For more information on Ambiguous Contracts or any other real estate topics, give me a call! 714.626.8880

Tuesday, September 11, 2012

Who's Painting the Real Estate Picture?

The new buzz word of today is Media. Media says this or the media says that about our Southern California real estate market. As if their generalizations and spins on the topic are the only source and gospel for your specific region of the country. Who is really painting this picture? It's an election year and do you think someone might want to have a rosier picture painted?

Is the market going up? what's going on in the market? I get asked these questions almost everyday. The best part of this story is...the question is always asked with hope in the voice and in the eyes of the person asking the question (we all want things to get better).

The answer is not as simple as one might think. As I have mentioned in previous writings, "there are 10 major markets under $1,000,000 in Southern California."

The hottest market right now, and most likely will be through August of 2013, is any property in fair to good shape, a standard sale or REO sale (bank owned) and/or priced under $435,000! First-time buyers and investors are having bidding wars over these homes.

One of the biggest contributions to the high demand in this price range is the lackluster interest in the short sale market and the tremendous shortage of good inventory.

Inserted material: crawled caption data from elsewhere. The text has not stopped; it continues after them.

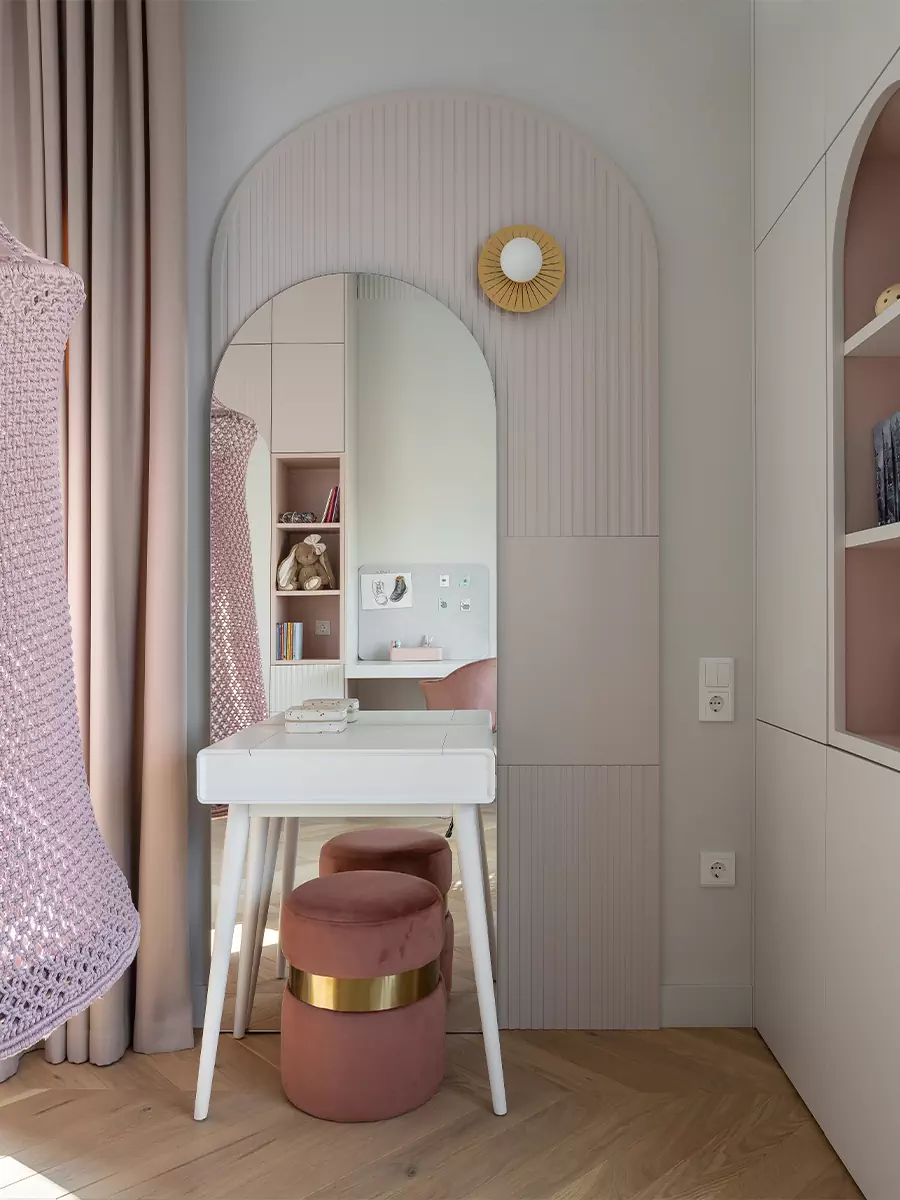 Ритмичные детали и продуманное зонирование в квартире для семьи дизайнера интерьера — проект Светланы Михайловой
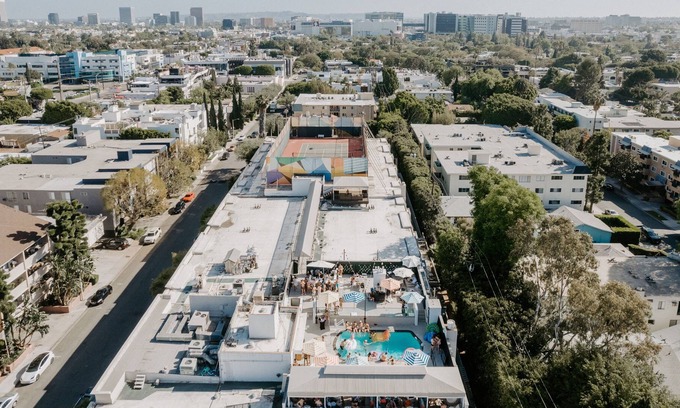 Tri-West House | Suite + Balcony | Pool + Cabana | Bikes | Tennis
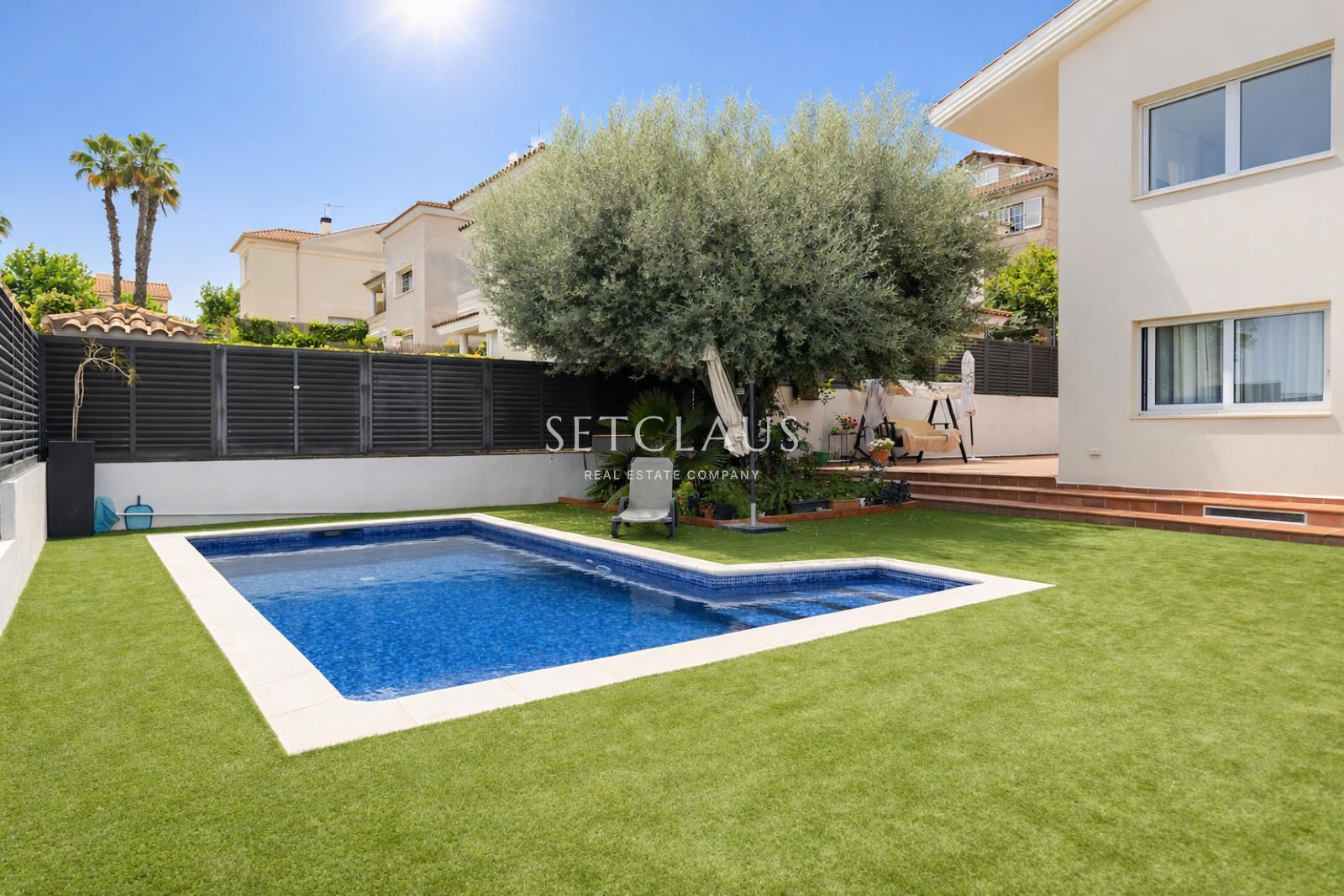 Comprar Chalet independiente con jardín de 325 m² y 5 habitaciones en Can Teixidó (Alella) foto 6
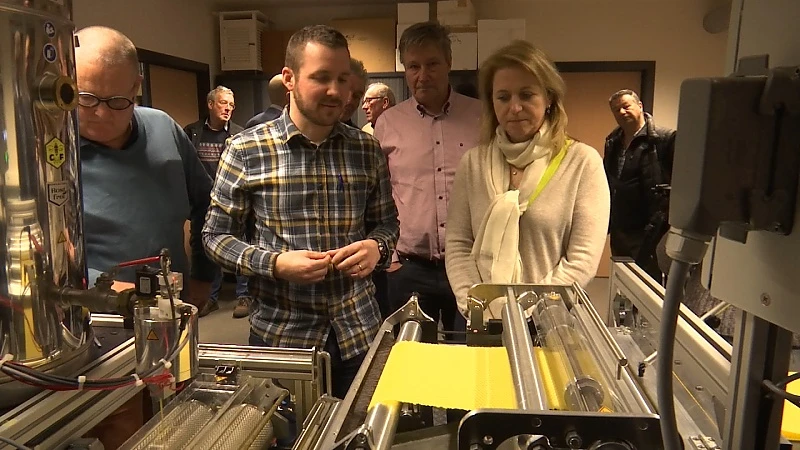 Limburgse imkers recycleren eigen bijenwas voor hergebruik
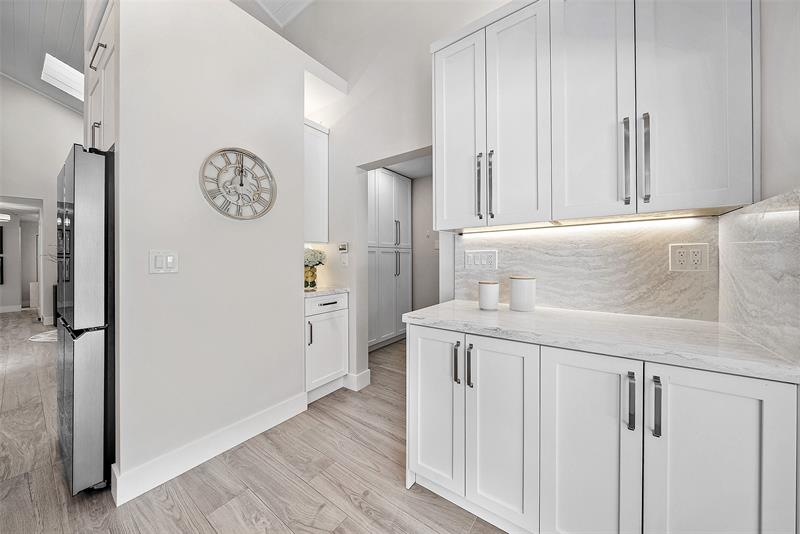 Image 12 of 51 For 2845 42nd   St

Many of the buyers in this price range have had enough unsuccessful experiences with the "Short Sale" process. They now understand that the short sale process is not for the faint of heart.

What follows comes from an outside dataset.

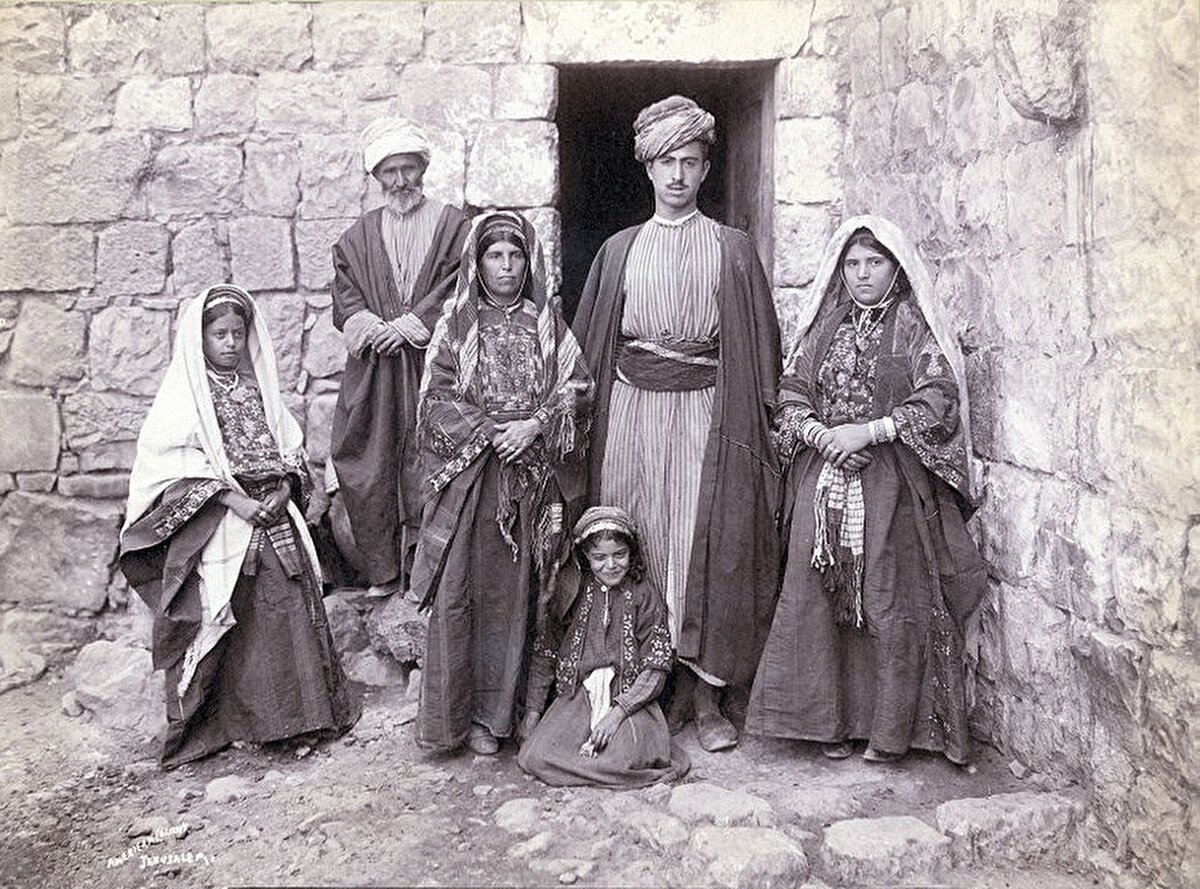 Ramallah’ta Filistinli bir aile, 1900-1910.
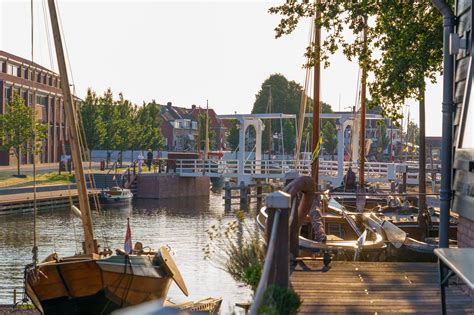 Een infographic die de groei van Harderwijk en de ontwikkeling van kerkgebouwen in de stad weergeeft.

An extremely high short sale fall-out rate is due to many unforeseen factors including, but not limited to, the overwhelmed bank processing centers, no clearly established guideline/underwriting polices to follow, inexperienced listing agents and non-licensed third party negotiators hired by listing agents. Another factor is that many sellers who have assets and good jobs don't want to continue to pay for their homes when they are so far under water.

There are six real estate markets above this $435,000 price range. There is a different story regarding how hot the market is and whether prices are going up, stabilizing or sliding.

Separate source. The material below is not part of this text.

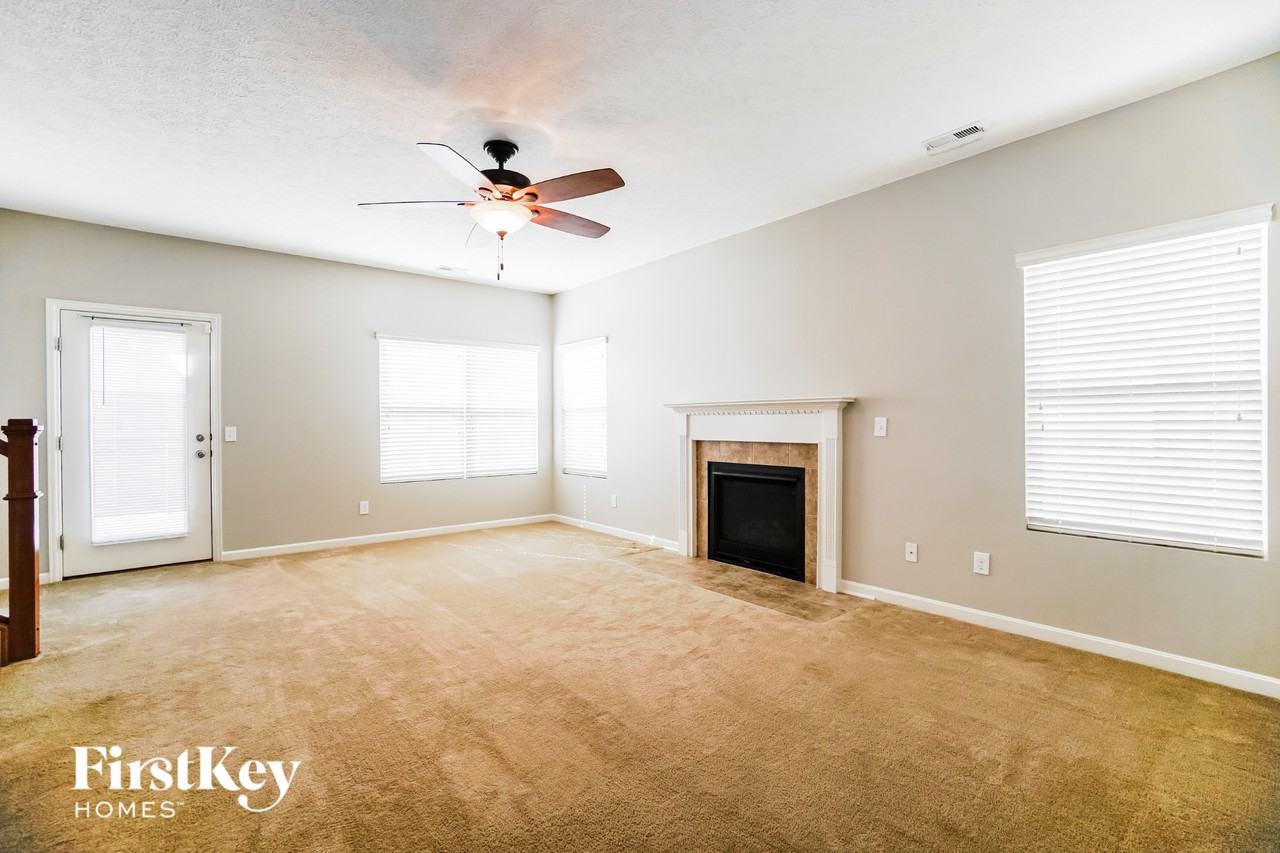 1083 Ashcraft Ave - Photo 3 of 15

All good sailors know there's a smoother ride with the wind at their back. In this metaphor, the six higher-end markets may still have the wind in their face and some rough waters ahead before they see calm waters.

The move-up buyer is more wary than ever before, as they should be during these uncertain times. Unemployment, cut backs, and layoffs are the news of the day for a lot of professionals. Most move-up buyers will purchase upward in price 1 1/2 times from what they've sold their home for.

Here's an example: Buyer A sells their home at a sales price of $500,000 (1.5 x $500k), they will purchase around $750,000 or less. Buyer B sells their home at a sales price of $600,000, they will purchase around $900,000 or less. And so on...

Comments I'm hearing from the higher-end buyers are: they aren't seeing that dramatic of a change of neighborhood, school, or square footage to entice making an offer. Additionally, these buyers have a new found perception of value that is far more ostentatious than in years past. These buyers want and are getting more bang for their buck! in these higher end markets, larger down payments, good credit and high incomes are the norm. These buyers are the ones who are scarce in the market.

What is the market doing in these higher priced markets? A: Sliding slower, but still sliding.

The tough problem is, like that of the below $435K market, there is so little "quality inventory" to compare to. The middle of the road high-end properties are what's helping to drive the high-end markets downward in price.

Now a top condition properties with modernized upgrades and good location is selling fairly quick and at a good price. Some things never change. A quality home will always draw that A+ buyer, who will see its true value over mediocrity.

The same goes with Real Estate Brokers. When I'm giving real estate advice, I try to paint the truest picture of the market that I can. With good advise and information comes good decisions.